From Asia, Japan has emerged as not just a power within its own region but also a strong and physical squad capable of making serious inroads. The Japanese lost in the last 16 in 2010, but a return to that stage or even further would not be a shock for them next summer.
"This will be the best World Cup ever," declared former Brazilian superstar Ronaldo, who was the tournament's top scorer in 2002 in leading the Selecao to their fifth world championship.
[World Cup draw: Follow it live on Friday, Dec. 6]
"Brazil will host a special tournament but you also have to look at the teams and how strong they are. European teams have done well recently at the World Cup, but you will have South American countries who will be difficult to beat on their own continent. The other confederations are improving now, too. We have never seen depth like this."

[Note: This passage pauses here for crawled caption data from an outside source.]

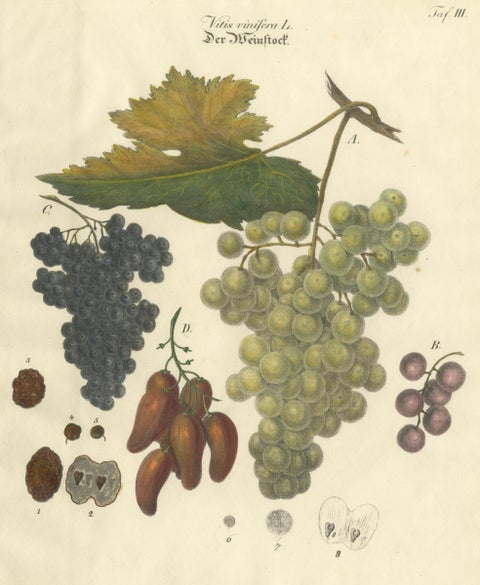 Antique Grape Varieties Botanical Print, Vitis Vinifera Study, c.1831, close-up 3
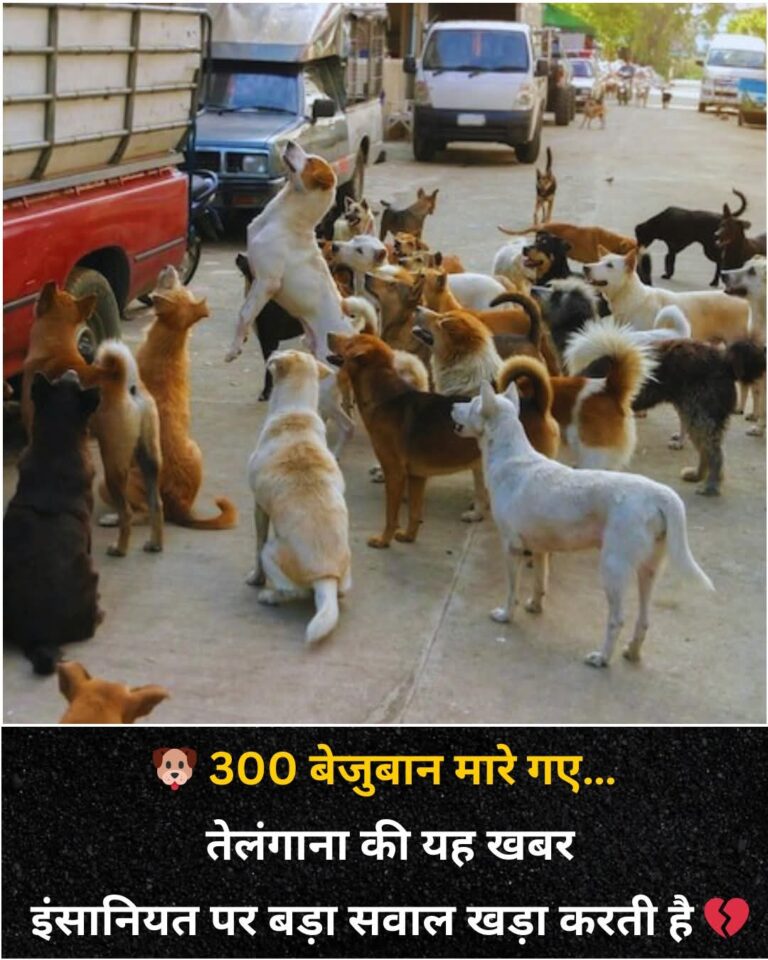 FB_IMG_1768452721461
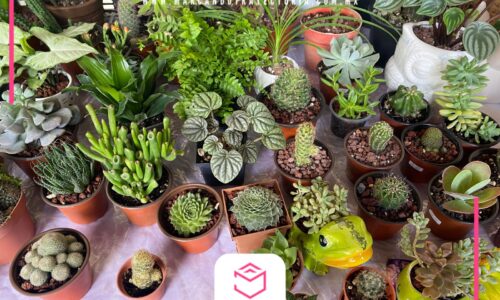 Estrés hídrico: exceso de lluvias y calores extremos afectan plantas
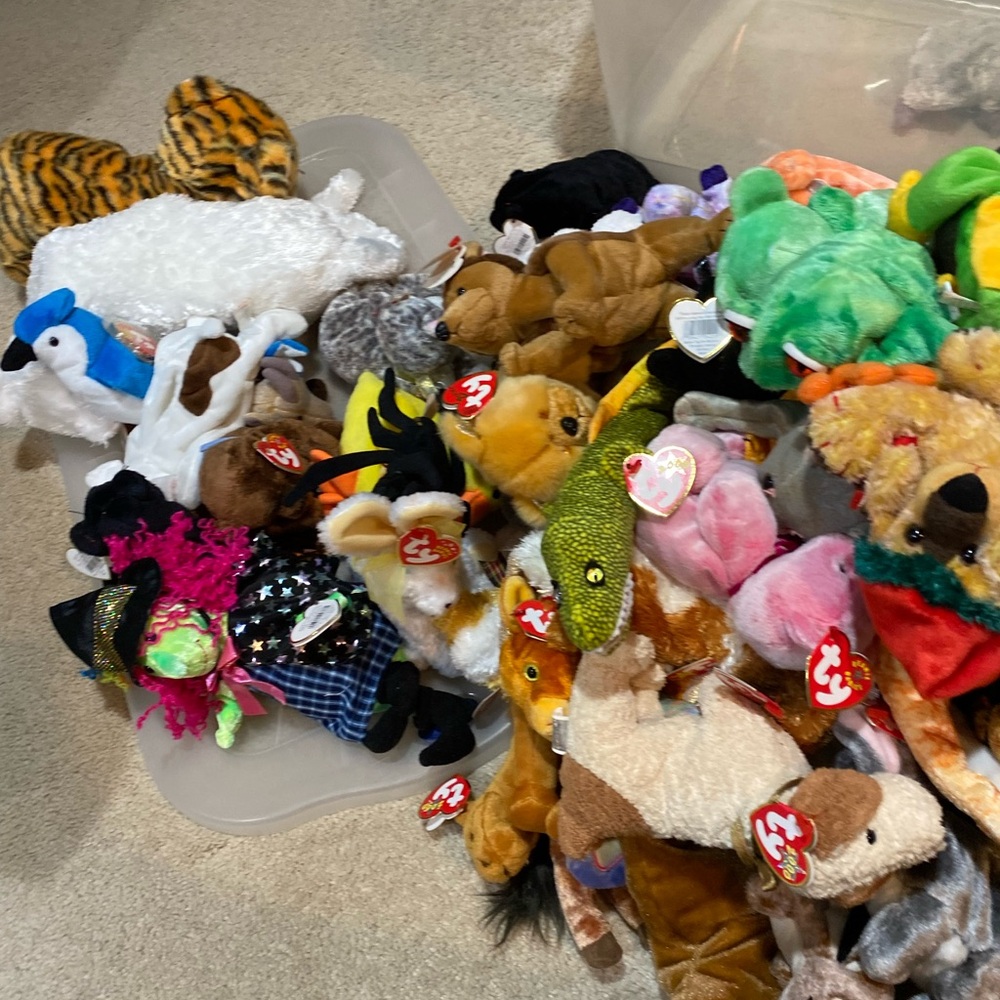 Ty Multicolor Stuffed Animal Collection - Picture 4 of 9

Only one of the 32 participants has never before played in a World Cup. Bosnia-Herzegovina, which came close to qualifying four years ago in a European playoff loss to Portugal, will be a solid addition. The team's coach, Safet Susic, is under no illusions as to the difficulty of the task ahead, calling this tournament field "painfully, wonderfully strong."
The very nature of the draw ensures there will be nervous energy coursing through the room at the Costa do Sauipe resort in Bahia.
FIFA's system demands that each group contains one seeded team, seven of them taken from the top of the world rankings and one being allocated to the host nation. The remaining teams are then arranged into three separate pots according to region. Each group will contain one team from every pot, with no group allowed to have more than one team from the same continent, with the exception of Europe.
The United States and its three CONCACAF region colleagues have been lumped into Pot 3 with the four Asian qualifiers.
There are a huge number of permutations and plenty of possibilities for chaos.Netherlands, runner-up four years ago and with a near-spotless record in qualifying, narrowly missed out on a seeding and is the most dangerous floater in the draw – one that no seed wants to meet. Other possibilities mean that Brazil, France and Italy could all be pooled together, in a group that would contain countries that have a combined 10 of the 19 World Cups ever staged.
If that arises, whichever hapless fourth team is stuck with them can probably make other plans once June turns into July as a victim of what would be one of the deadliest Groups of Death ever.